**AIM OF THE TASK**
Copy out the entries below exactly as they stand, but only from the line containing "Series A+ 오피스" through the line containing "Creative Coffee Mug".

**MATERIAL FOR THIS EXERCISE**
======

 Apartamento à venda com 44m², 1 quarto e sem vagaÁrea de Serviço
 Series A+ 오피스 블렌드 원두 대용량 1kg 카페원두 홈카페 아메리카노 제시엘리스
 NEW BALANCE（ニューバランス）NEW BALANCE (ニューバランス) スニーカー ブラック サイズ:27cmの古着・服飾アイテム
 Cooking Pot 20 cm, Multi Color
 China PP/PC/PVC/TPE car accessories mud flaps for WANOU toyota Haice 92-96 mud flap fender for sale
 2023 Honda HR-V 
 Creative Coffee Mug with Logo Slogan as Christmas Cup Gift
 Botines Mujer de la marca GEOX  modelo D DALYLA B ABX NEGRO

======

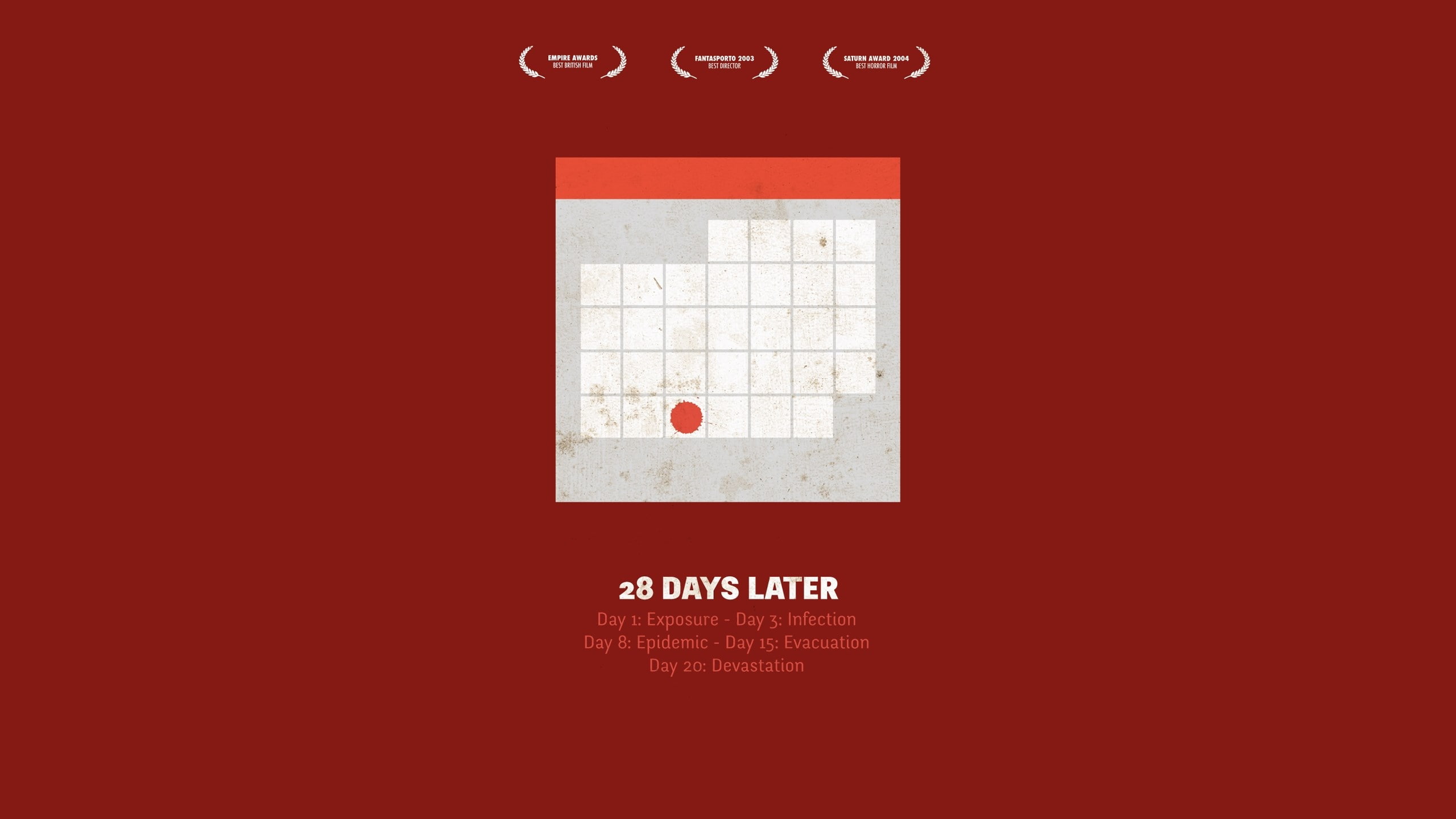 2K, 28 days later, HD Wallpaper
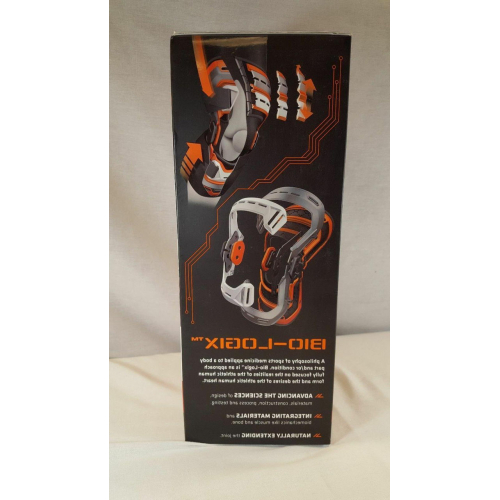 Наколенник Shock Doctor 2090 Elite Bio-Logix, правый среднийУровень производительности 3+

======

**RESPONSE BELOW**
 Series A+ 오피스 블렌드 원두 대용량 1kg 카페원두 홈카페 아메리카노 제시엘리스
 NEW BALANCE（ニューバランス）NEW BALANCE (ニューバランス) スニーカー ブラック サイズ:27cmの古着・服飾アイテム
 Cooking Pot 20 cm, Multi Color
 China PP/PC/PVC/TPE car accessories mud flaps for WANOU toyota Haice 92-96 mud flap fender for sale
 2023 Honda HR-V 
 Creative Coffee Mug with Logo Slogan as Christmas Cup Gift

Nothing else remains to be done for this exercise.